## RECORDED INFORMATION
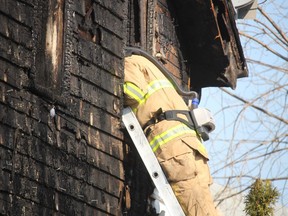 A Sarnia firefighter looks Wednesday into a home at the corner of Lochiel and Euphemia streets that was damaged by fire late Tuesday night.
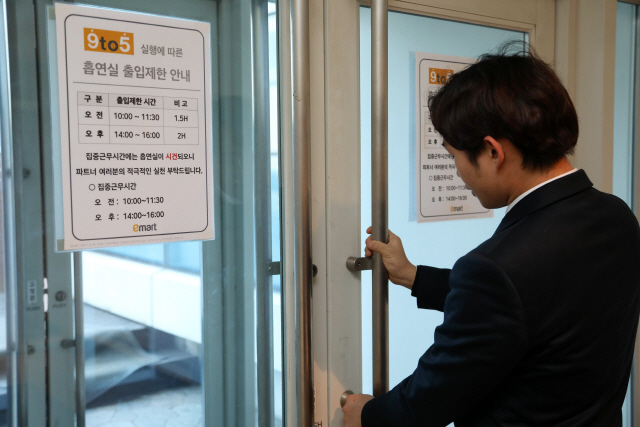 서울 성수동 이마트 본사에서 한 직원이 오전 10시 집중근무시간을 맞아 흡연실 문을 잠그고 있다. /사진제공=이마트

==

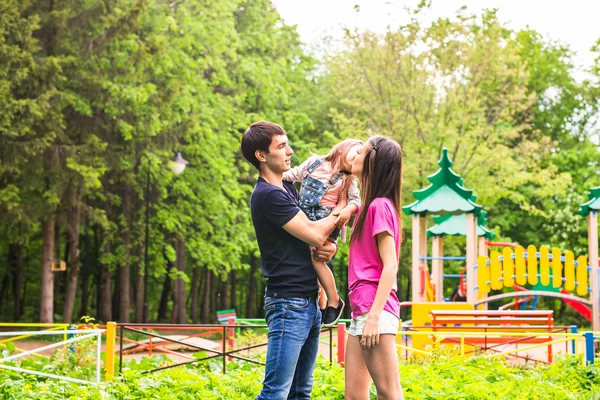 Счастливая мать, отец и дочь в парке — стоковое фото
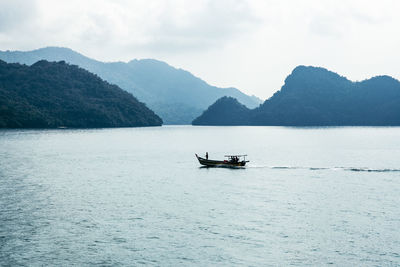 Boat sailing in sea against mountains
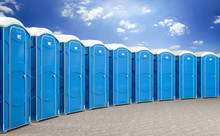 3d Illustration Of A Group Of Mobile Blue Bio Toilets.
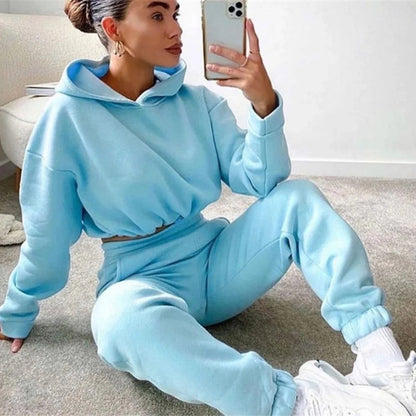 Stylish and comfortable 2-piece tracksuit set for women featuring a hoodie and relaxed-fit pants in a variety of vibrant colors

## INSTRUCTIONS FOR THE TASK
Using the data above, which lines fall from the one with "Boat sailing in sea against mountains" through the one with "Stylish and comfortable"? Repeat them exactly, ends included, minus any pictures.

## TASK OUTPUT
 Boat sailing in sea against mountains
 3d Illustration Of A Group Of Mobile Blue Bio Toilets.
 Stylish and comfortable 2-piece tracksuit set for women featuring a hoodie and relaxed-fit pants in a variety of vibrant colors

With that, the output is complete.